2023’te program kapsamında geçen yıl 930 binden fazla bebek tarandı, 5 binden fazla bebek kalıtsal hastalık tanısı aldı. Böylelikle, erken dönemde tedaviye yönlendirilen bebeklerin geri dönüşü olmayan sağlık sorunlarının önüne geçildi.

Bazı aileler, çocuklarının sağlığını tehdit eden bir karara imza atmanın eşiğinde’ Topuk kanı testi yeni doğan bebekler için hayati bir öneme sahipken, bu testi yaptırmamak, çocuğunuzun geleceğini karartma riski taşıyor. Artık bu gerçeği görmezden gelemezsiniz…

Bu uyarı yazısının amacı, ailenin Topuk Kanı testini yaptırmaması halinde risklerden haberdar etmektedir…

Metabolik hastalıkların tehditleri

Topuk kanı testi pek çok metabolik hastalığın erken teşhisini sağlar. Bu hasatlıklar, zamanında müdahale edilmediğinde kalıcı hasarlara yol açabilir. Örneğin, fenilketonüri (PKU) gibi hastalıklar, zihinsel gerilik ve diğer sağlık sorunlarına neden olabilir. Bu hastalıklar, tedavi edilmediğinde çocuğunuzun yaşam kalitesini düşürür ve belki de geri dönüşü olmayan zararlara yol açar.

Zamanında müdahale fırsatını kaçırmak

Erken teşhis, birçok hastalığın tedavisinde en önemli adımdır. Topuk kanı testi, hastalıkların belirtileri ortaya çıkmadan önce müdahale etme fırsatı sunar. Ancak bu testi yaptırmazsanız, çocuğunun potansiyeli ciddi şekilde riske girer. Tedavi edilmediğinde bu hastalıklar çocukların gelişiminde geri dönüşü olmayan etkiler yaratabilir.

Ebeveyn sorumluluğu

Her ebeveyn, çocuğunun sağlığı için en iyi kararları almakla yükümlüdür. Topuk kanı testi yaptırmamak, bu sorumluluğu ihlal etmek demektir. Bilimsel veriler, bu testlerin gerekliliğini ve önemini açıkça ortaya koyuyor. Bilgi eksikliği veya yanlış yönlendirmeler yüzünden çocuğunuzun sağlığını tehlikeye atmamalısınız.

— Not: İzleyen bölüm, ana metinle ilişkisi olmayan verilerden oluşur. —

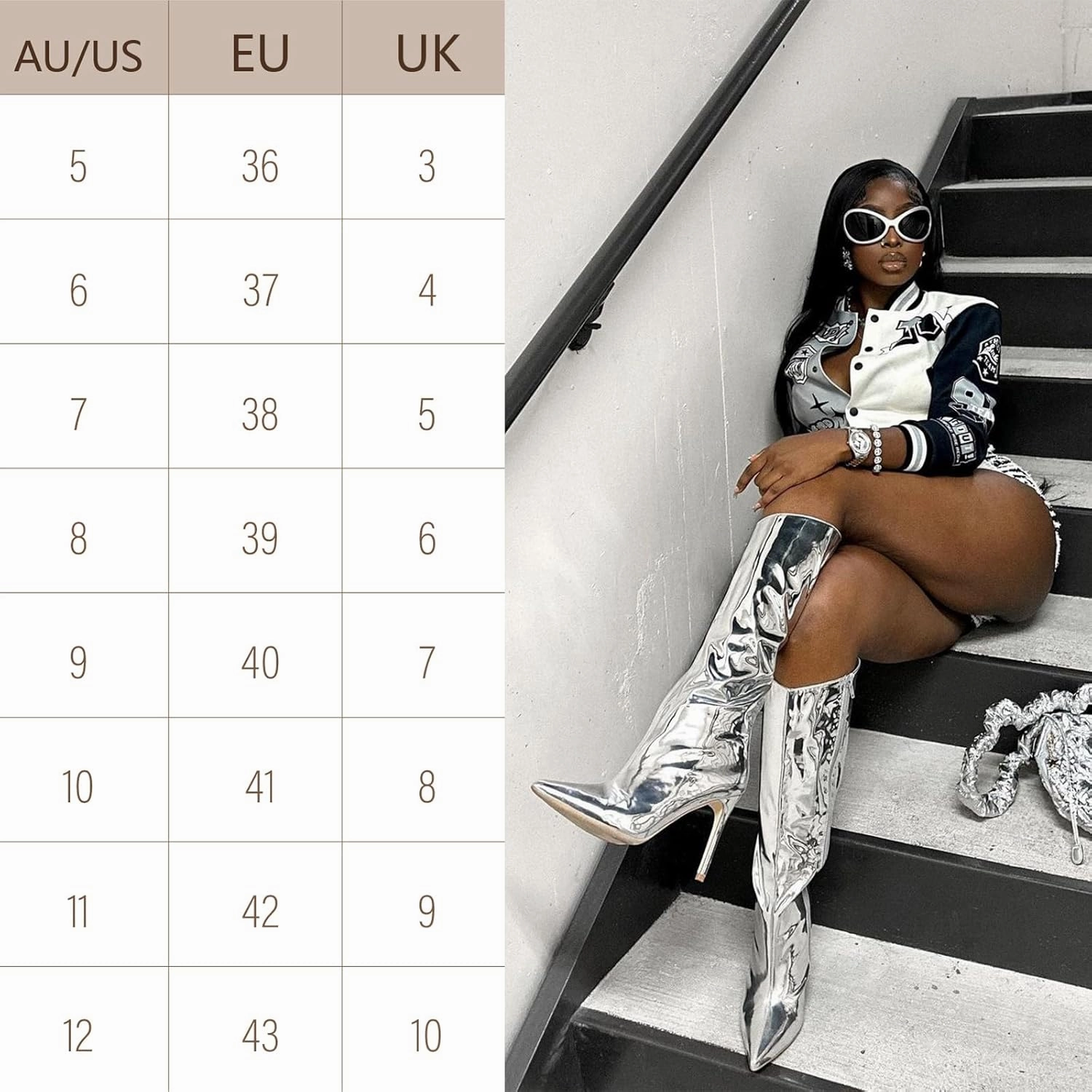 MUCCCUTE Women's Metallic Knee High Boots-Pointed Toe Stiletto Chrome Thigh High Boots-Sexy Fashion Long Boots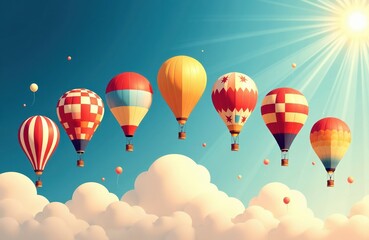 Obraz premium Colorful hot air balloons floating in a bright sky with fluffy clouds and shining sun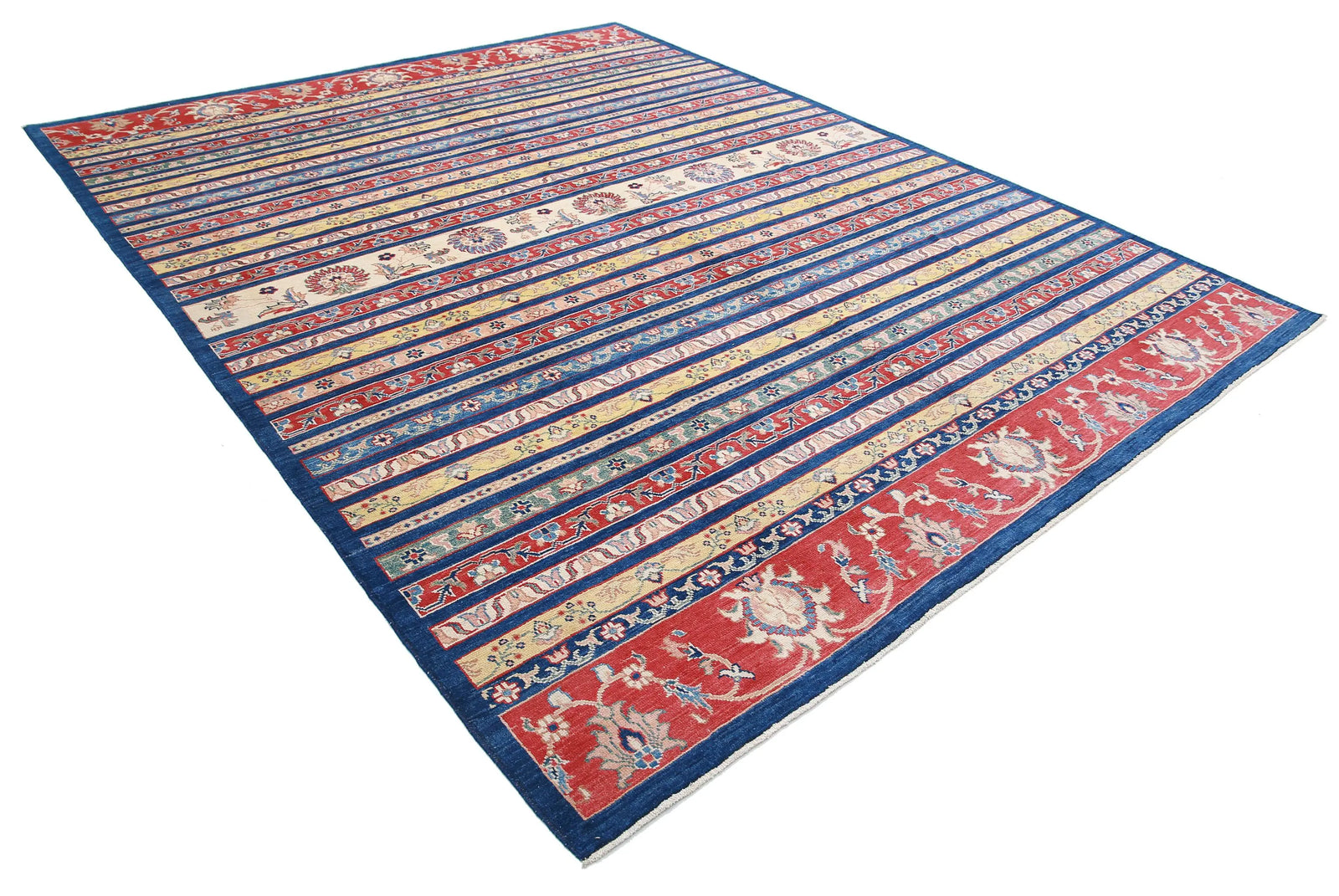 Tapis en laine Khurjeen Farhan Gul noué à la main - 9'0'' x 11'7''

Son söz: Unutmayın, topuk kanı testi yaptırmamak, çocuğunuzu geleceğini riske atmak anlamına gelir. Onların sağlığını düşünerek harekete geçin ve bu testi yaptırın. Sağlıklı bir nesil yetiştirmek, sizin elinizde! Çocuğunuzun hayatında geri dönüşü olmayan sonuçlarla karşılaşmamak için gereken adımları atın. Sağlık, bir hak değil, bir zorunluluktur. Bu sorumluluğu ihmal etmeyin.

“Topuk kanı taraması ya da aşılarını yaptırmamak çocuğun üstün hakkının gaspı anlamına geliyor. O bebeğin vakti de geçiyor. Bu taramanın doğumdan sonraki ilk 24-48 saat içinde yapılması lazım. Özellikle akraba evliliklerinin sık görüldüğü ülkemizde doğuştan genetik hastalıklar daha sık görülmektedir.”

Çocuğunuzun Sağlığını Tehlikeye Atmayın!